Pixart SRL.
- Company type: SRL
- Industry: Software Development
- Founded: 1998
- Headquarters: Capital Federal, Argentina
- Key people: 4
- Products: Rxart family
- Revenue: 500.000 USS
- Number of employees: 40
- Website: www.pixartargentina.com.ar

= Pixart =

Pixart SRL is a company based in Argentina dedicated to the development of free software, particularly the Rxart computer operating system, which is based on Debian.

== History ==
Pixart started in 1998 as a regional representative of Corel in Latin America. When Corel discontinued their operating system product, Pixart decided to continue the project, receiving technical and legal support from Corel.

Corel gave the English version of their operating system to Xandros, and agreed to give the Spanish and Portuguese versions to Pixart.

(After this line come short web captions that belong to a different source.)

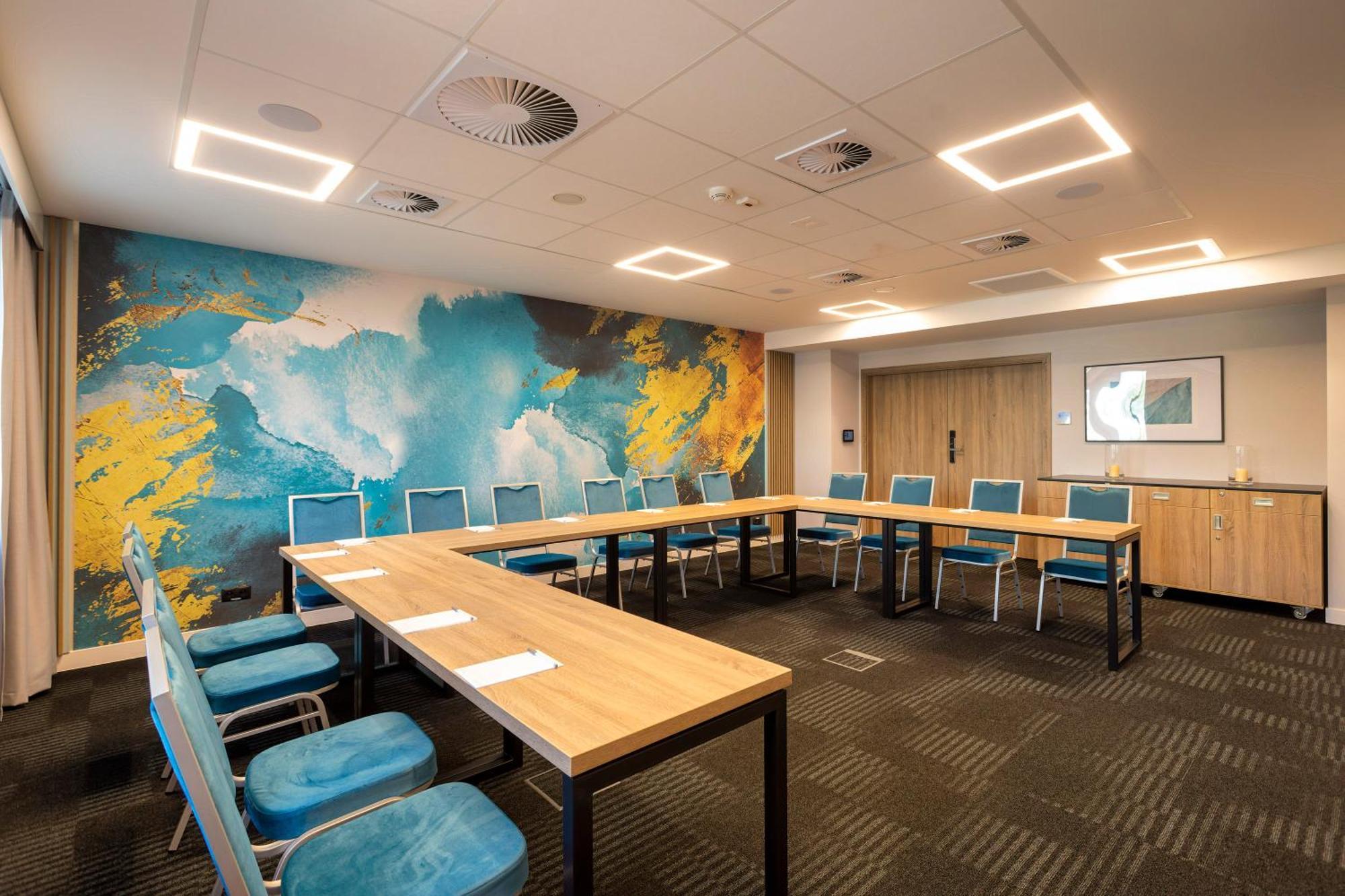Hampton By Hilton Bialystok Hotel ภายนอก รูปภาพ
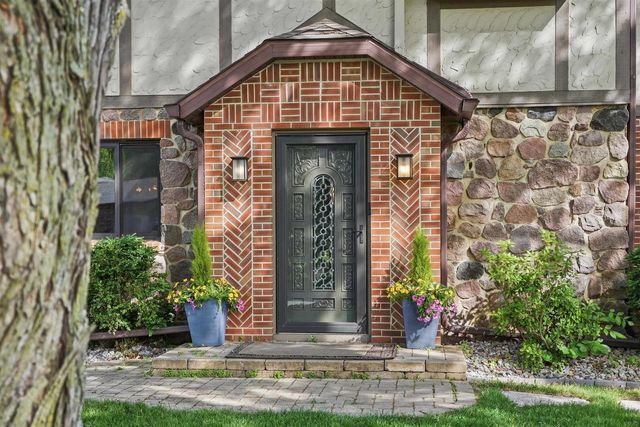 312 River Wood Bend, Deforest, WI 53532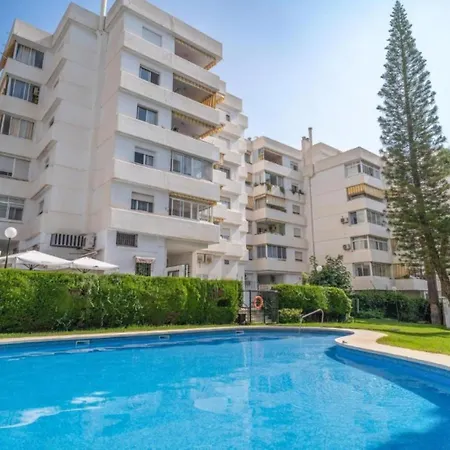 The Charming Oasis! 2 Bedrooms - By Hellodomik * 贝纳尔马德纳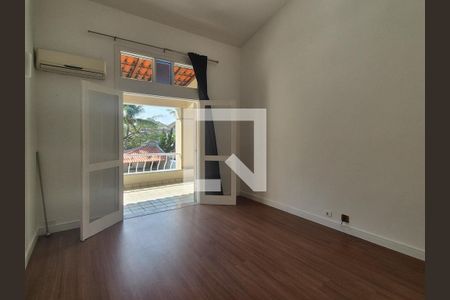 Casa de condomínio para alugar com 715m², 5 quartos e 4 vagas Casa de condomínio para alugar com 715m², 5 quartos e 4 vagasQuarto 2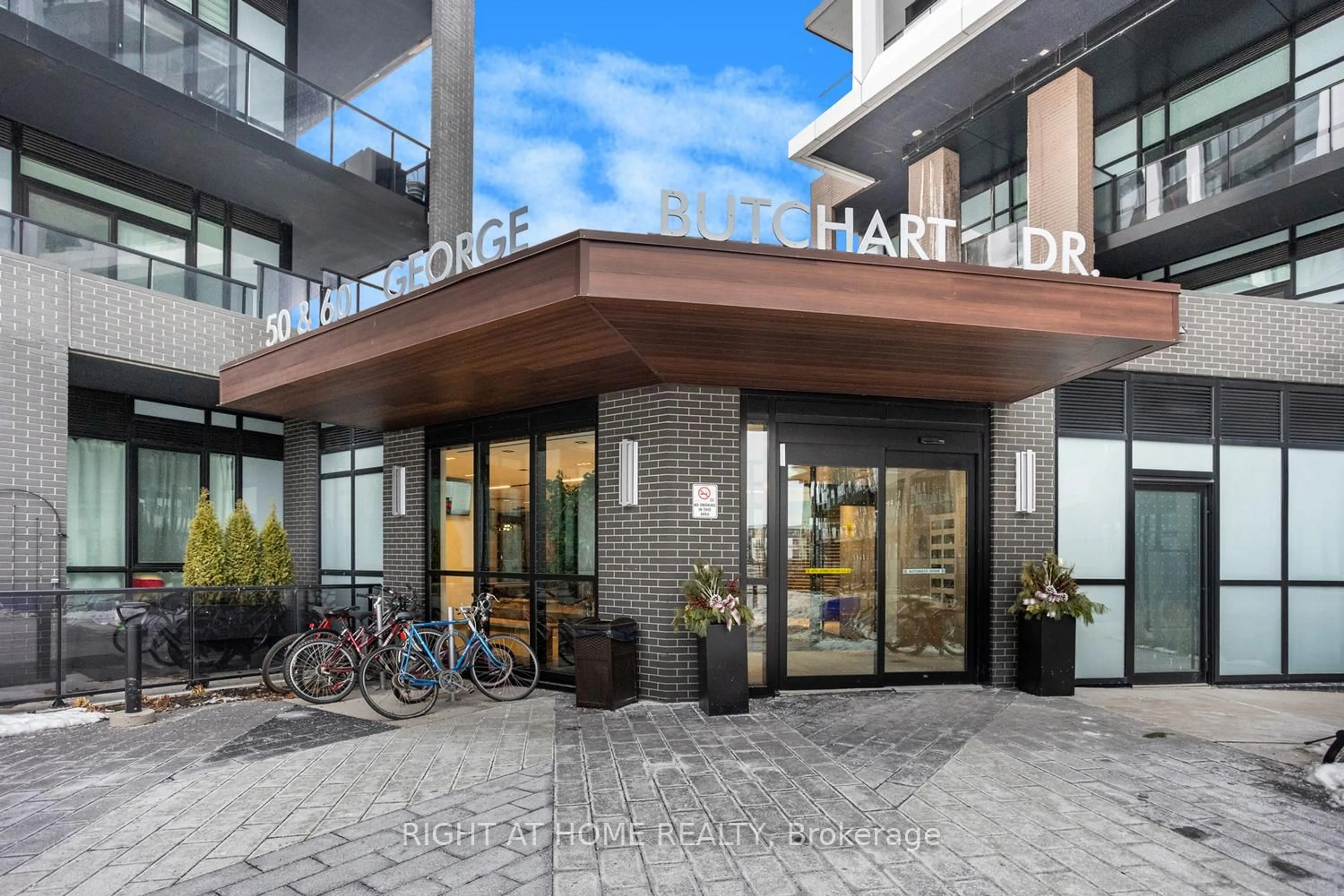 Unknown for 50 George Butchart Dr #224, Toronto Ontario M3K 0C9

These products, coupled with many sales agreements, have made Pixart one of the largest Linux-related companies in Latin America.

== Rxart ==
Rxart is a Linux distribution developed in Argentina and based on Debian. Owing to the number of computers sold with Rxart pre-installed, Rxart has become a very popular Spanish language distribution in Latin America, reaching an installed base of 350,000 units in 2005.

Its origins date back to 1999, when the founder and CEO of Pixart, Gabriel Ortiz, decided to develop a user-friendly distribution intended mainly for hardware assemblers. After an agreement in 2007 between Lenovo and Pixart, Rxart version 3.2 was made available pre-installed on desktop PCs in Argentina.

The distribution is available in English, Portuguese and Spanish.

=== Development ===
Pixart began being sold as pre-installed in Argentina, in numerous wholesale channels, including Garbarino, Fravega, Carrefour, Jumbo, Megatone, Sicsa, Pcarts, New Tree, and Compumundo. Basing the distribution on Debian GNU/Linux 3.1 (Sarge), the company added proprietary software components.

Pixart has contacts with Sun Microsystems, IBM, Intel, AMD, PChips, Smartlink and Biostar, among other companies.

In August 2006, Rxart was chosen as the operating system for the Intel Classmate PC in a pilot scheme by the government of Venezuela. From June 2007, AMD started distributing components to various countries around the world with Rxart preloaded for their demonstrations. Also in June, Pixart signed an agreement with Sun Microsystem to bundle StarOffice with Rxart.

In Pixart laboratories, several companies collaborated by sending hardware for the development of device drivers. Among them were Lexmark, Epson, Intel, AMD, PCtel, Miro, HP and Dell.

Rxart is named after one of the collaborators for the MANCOOSI project in the European Union.